Something that's interesting to think about is the way that people will delay doing something that they don't want to. I don't think animals do this. I don't know if that's because they aren't sophisticated enough to dislike and reject instincts, or because they are sophisticated enough to just do things instead of putting them off. In any event, among the worst habits of humans is to let an issue get worse and worse because we can't handle the momentary discomfort of dealing with it. It ranges from the minor problems faced by so-called "every-day people", such as doing the dishes, to those which lay before world bodies, such as our domestic issue of immigration or the world's problem of climate change. Be it a slob like me in my apartment, or the allegedly august and wise US Senate on Capitol Hill, this is how we are.
Why is that? How do we endure the consequences unchanged? What do we do about it? This is one of those things I've thought long and hard about, determined to come up with an answer. For all of the thought I've given it, I must admit that I just don't know the answer. It's truly an inscrutable mystery of the universe that someone like me would think that the unpleasantness of taking care of the food situation at home will be somehow improved and not worsened for lack of effort on my part. It's utterly irrational to spend more money eating fast food meals because "it's easy", when less money and a single trip will secure me for much longer.
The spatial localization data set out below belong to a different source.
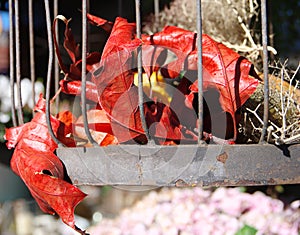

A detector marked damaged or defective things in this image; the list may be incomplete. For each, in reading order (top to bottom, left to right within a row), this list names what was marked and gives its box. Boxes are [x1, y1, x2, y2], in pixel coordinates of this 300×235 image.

rusted metal edge [56, 144, 300, 186]
rusty metal surface [57, 143, 300, 187]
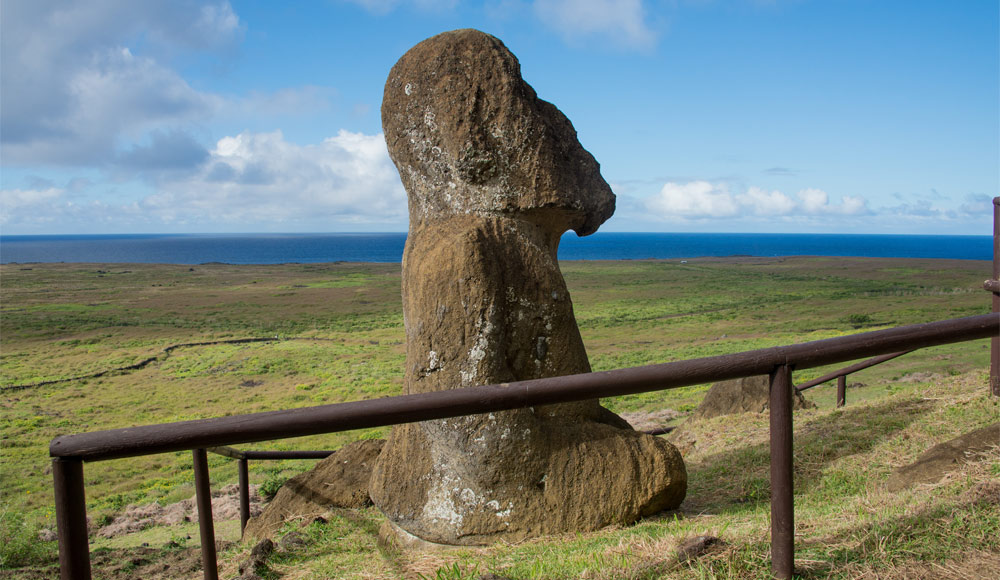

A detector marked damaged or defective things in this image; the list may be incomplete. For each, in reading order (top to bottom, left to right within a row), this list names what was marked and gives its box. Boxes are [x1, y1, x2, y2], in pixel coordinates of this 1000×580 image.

rusty metal railing [48, 312, 1000, 580]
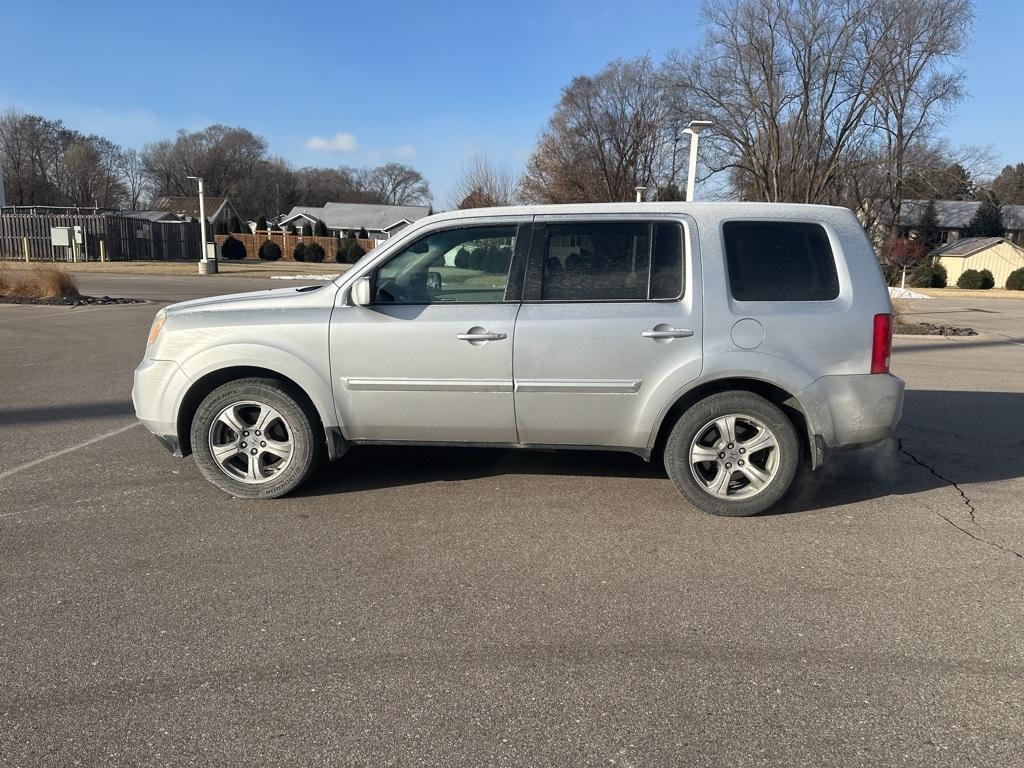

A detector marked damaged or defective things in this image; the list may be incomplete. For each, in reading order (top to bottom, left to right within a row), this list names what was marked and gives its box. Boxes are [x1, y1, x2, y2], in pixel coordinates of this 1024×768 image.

crack in pavement [901, 442, 1019, 561]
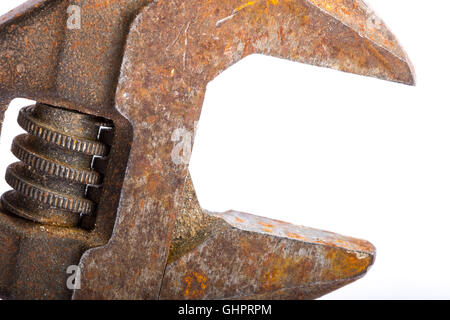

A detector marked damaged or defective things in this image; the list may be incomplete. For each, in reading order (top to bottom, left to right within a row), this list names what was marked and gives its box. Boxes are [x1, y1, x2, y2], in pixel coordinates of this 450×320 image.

orange rust stain [183, 272, 207, 298]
It makes no sense to delay asking a girl out for fear of rejection when the certain pain of inaction so outweighs the potentially unfavorable outcome of action.
Actually, I shouldn't say that the exercise of writing sheds no light on the subject of procrastination. Some thoughts do come to mind. The common thread seems to be some ancient, lizard-brained idea of protecting oneself from pain. Unfortunately, the kind of protection that affords is like that which an irredeemable agoraphobic enjoys. Sure, the outside world will never hurt them, but at the cost of knowing nothing better than the horrible confines and limited possibilities of the home. One must reject the notion that pain and unpleasantness can be avoided. The cost of life is that much of it will hurt somehow, and all one can do is minimize it- first by doing things when their cost is least and benefits are most.
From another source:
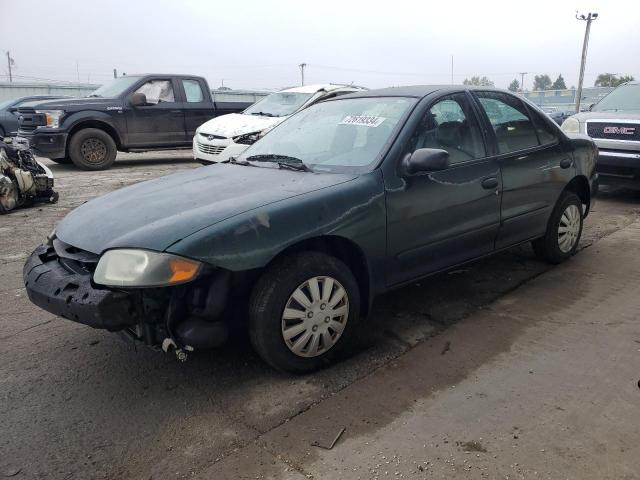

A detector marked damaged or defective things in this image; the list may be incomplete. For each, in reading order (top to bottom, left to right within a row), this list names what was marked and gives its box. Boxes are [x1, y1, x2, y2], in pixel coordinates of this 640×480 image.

white damaged car [192, 83, 364, 164]
missing headlight assembly [0, 139, 58, 214]
damaged green sedan [23, 85, 596, 372]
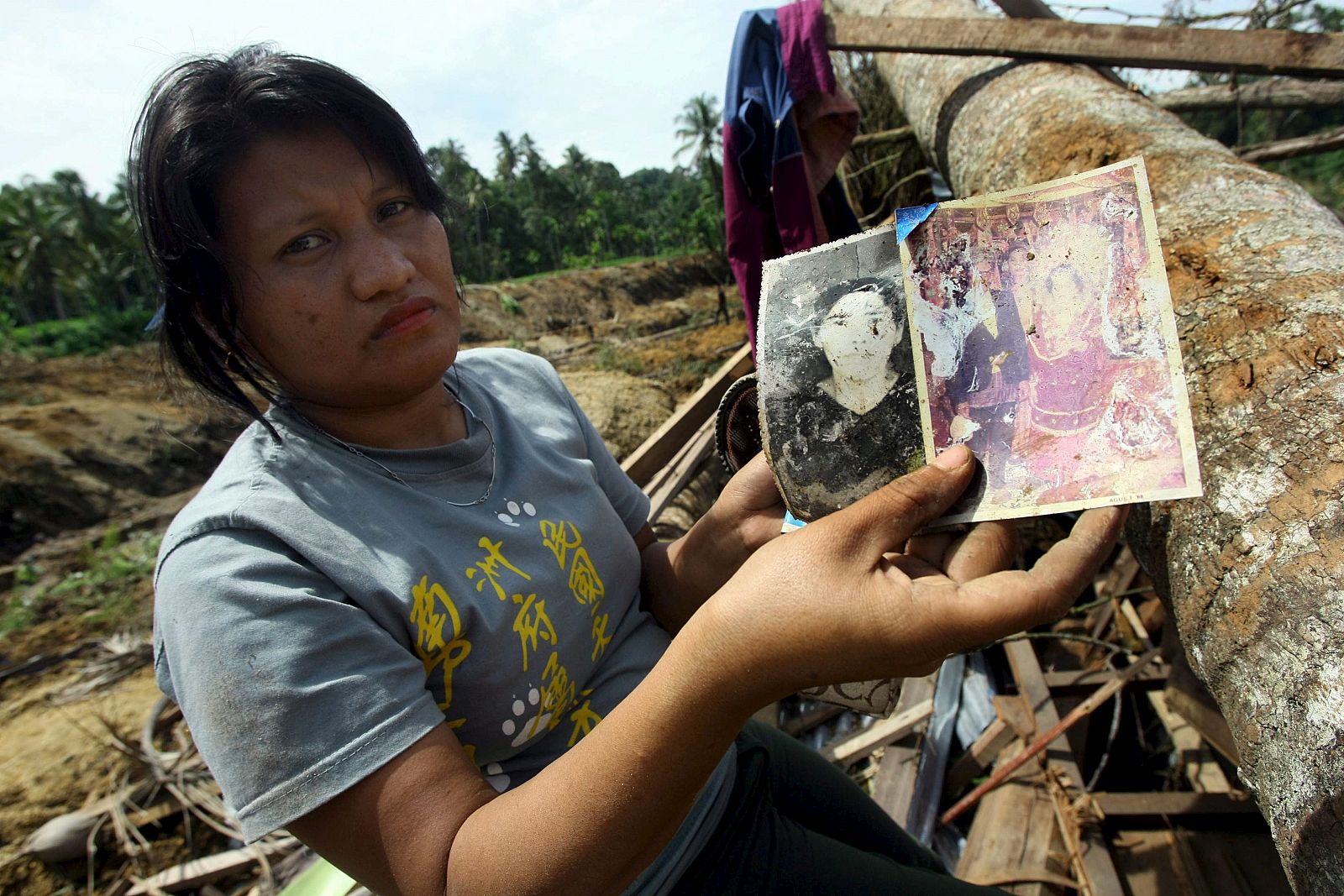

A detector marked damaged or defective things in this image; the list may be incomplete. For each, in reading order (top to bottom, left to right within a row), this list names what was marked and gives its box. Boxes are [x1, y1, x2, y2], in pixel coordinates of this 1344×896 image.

How that is done I don't know. I'm worse about this than almost anyone. The publishing of this very post was itself delayed in favor of putting up others. The fix for procrastinating seems to be that at long last, you just do it. It's as inexplicable as watching a corn kernel finally pop, or the axiom that momentum is something you have until you don't have it anymore. What on earth took so long? It was the same as all the other kernels, and subjected to the same forces! God willing, we will all find the fortitude and will to finally be better than the corn kernel- then perhaps will we reach our potential once and for all.